One company, Spotify — one of the largest companies in the index — represents a sizable chunk of that decline. The streaming giant accounted for 36% of the Global Music Index’s year-to-date value decline, despite accounting for just 18.3% of the index’s value. It used to be the world’s most valuable music company. Now, with Spotify’s shares down 60.9% through Oct. 5, Universal Music Group is the largest music company by market capitalization and the Global Music Index’s largest component. In fact, UMG’s market capitalization of $34 billion is nearly twice that of Spotify’s $17.6 billion.
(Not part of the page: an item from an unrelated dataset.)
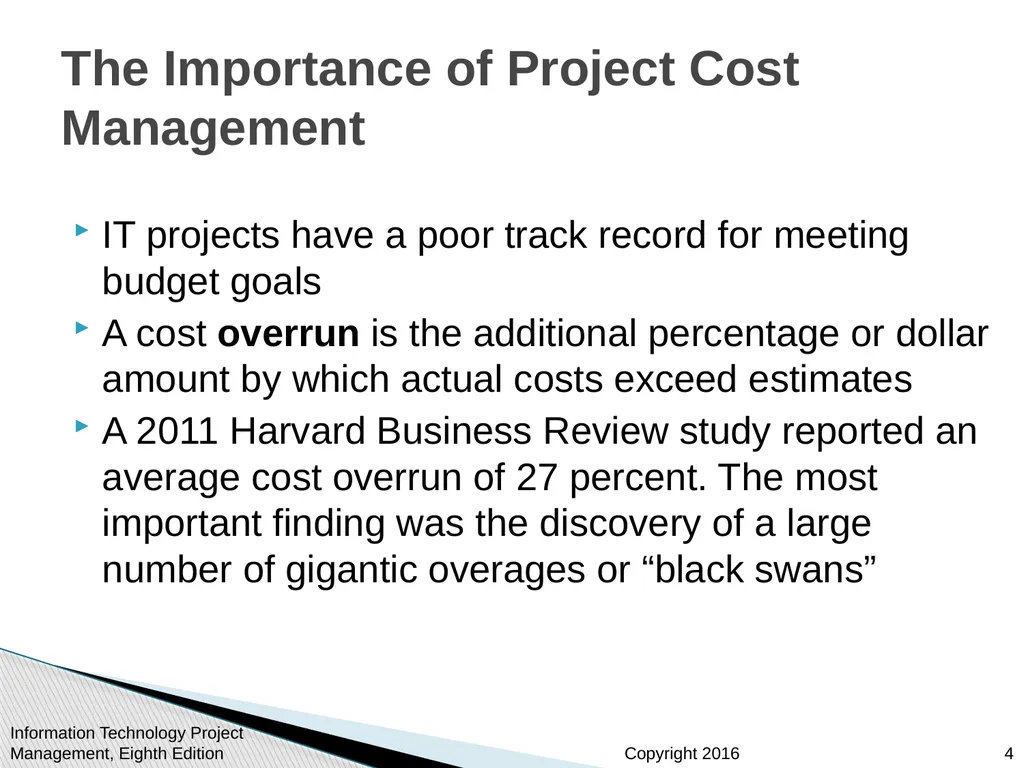 Chapter 7 Project Cost Management Information - slide 4 of 41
Another company to have an outsized impact on the Global Music Index’s decline in 2022 is HYBE. The South Korean company accounted for 7.7% of the Index’s year-to-date decline, but just 2.8% of its total value as of Oct. 5. HYBE’s share price plummeted 24.9% on June 15 after its largest artist, BTS, announced it was going on hiatus. Even though other HYBE K-pop artists, such as Tomorrow X Together and Enhypen, have performed well since the announcement, HYBE’s share price fell another 6.2% to KRW 130,000 by Oct. 5.
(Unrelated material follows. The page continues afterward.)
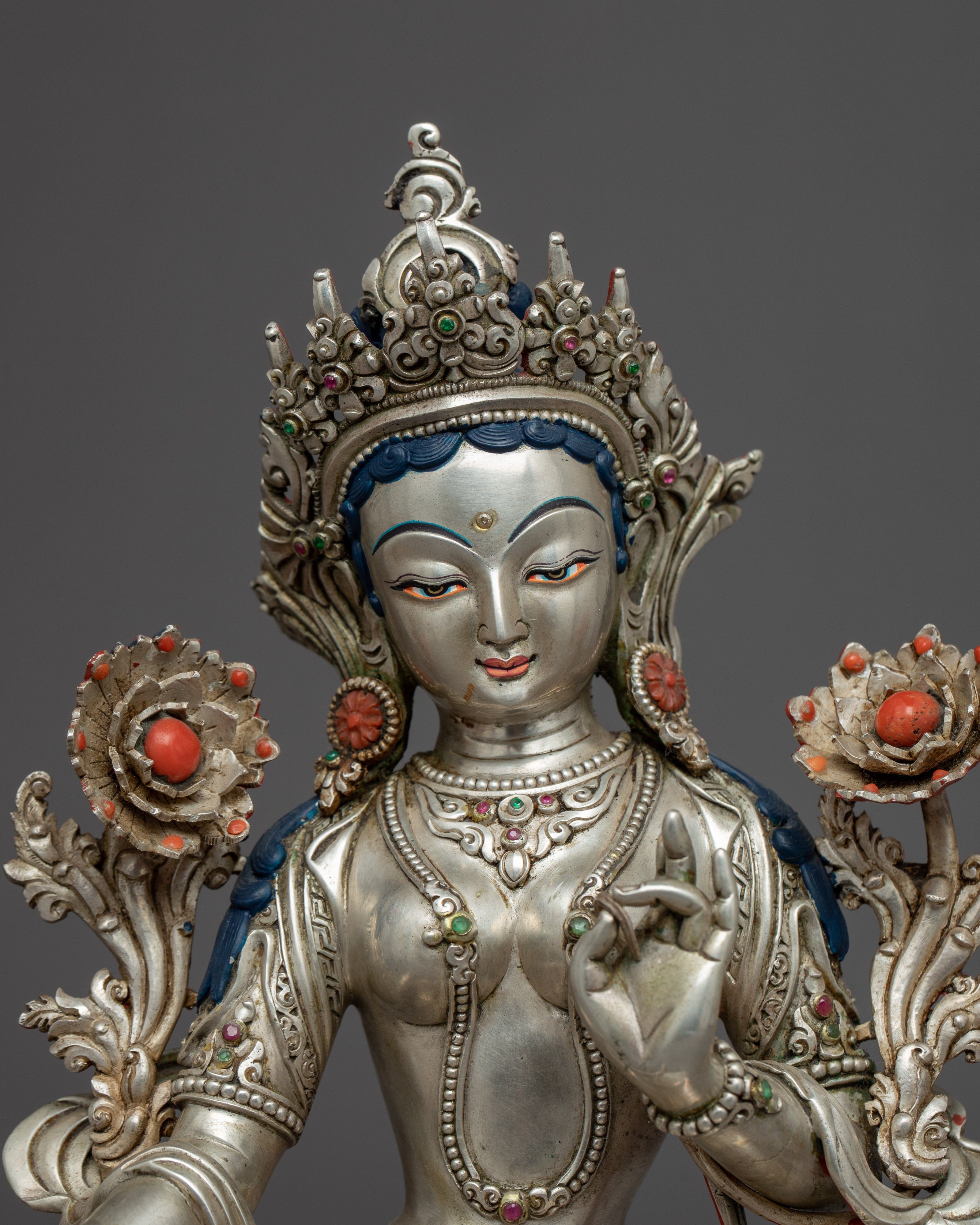 Buddha Art Green Tara Statue | Handmade Bodhisattva Statue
HYBE shows the inherent danger in a company relying heavily on any one artist. On Friday (Oct. 7), amid concerns that BTS members could soon face mandatory enlistment in the South Korean military, HYBE’s share closed at KRW 123,000, down 6.1%, and fell as low as KRW 121,000. That’s a new all-time low, 71.3% below the all-time high of KRW 421,500 set on Nov. 17, 2021. In contrast, shares of SM Entertainment, whose acts include SuperM and NCT 127, the other K-pop company in the Global Music Index, have fallen only 9.8% in 2022.
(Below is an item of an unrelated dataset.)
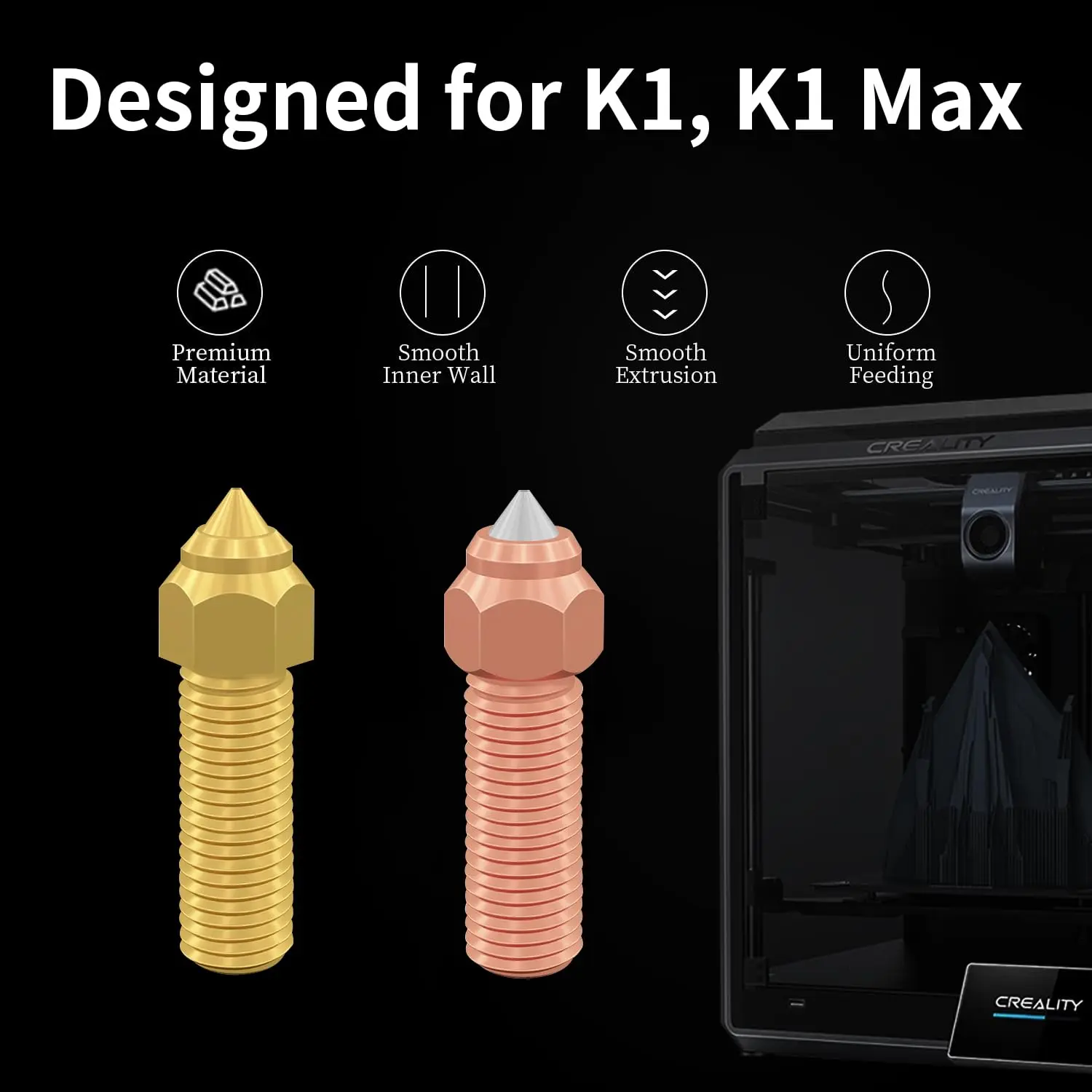 Creality K1 Max 깍지 키트 경화 강철 황동 노즐, K1/K1 Max/Ender-3 V3 KE 고속 3D 프린터용, 0.4mm 노즐 키트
To be sure, each of the 20 stocks in the Global Music Index has fallen in value in 2022. Rising interest rates and inflation have caused investors to seek safety elsewhere and place greater importance on profitability rather than growth. Streaming stocks – of all stripes – have fared especially poorly this year. Shares of Netflix — which is not included in the Global Music Index — are down 60.7% year-to-date through Oct. 5, almost equal to Spotify’s 60.9% decline.
Two other music streaming companies on the Global Music Index have fallen precipitously in 2022, too: Abu Dhabi-based Anghami is down 74.8% and Paris-based Deezer is off 41.8%. Note that neither Anghami nor Deezer has been publicly traded since Jan. 1. In both cases, Billboard used the Dec. 31, 2021, share prices of the special purpose acquisition vehicles they merged with earlier this year. Both are also trading well below the prices on their first day of trading as Anghami and Deezer, respectively.
Other companies that loom large in the Global Music Index have fared relatively well and tempered Spotify’s sharper decline. SiriusXM, which dropped only 6% year to date, was worth 7.1% of the Index and accounted for just 0.6% of its decline. UMG shares have fallen 23.4% through Oct. 5, and while that’s worse than the S&P 500’s 20.6% drop it’s still better than the Nasdaq’s 28.7% shortfall.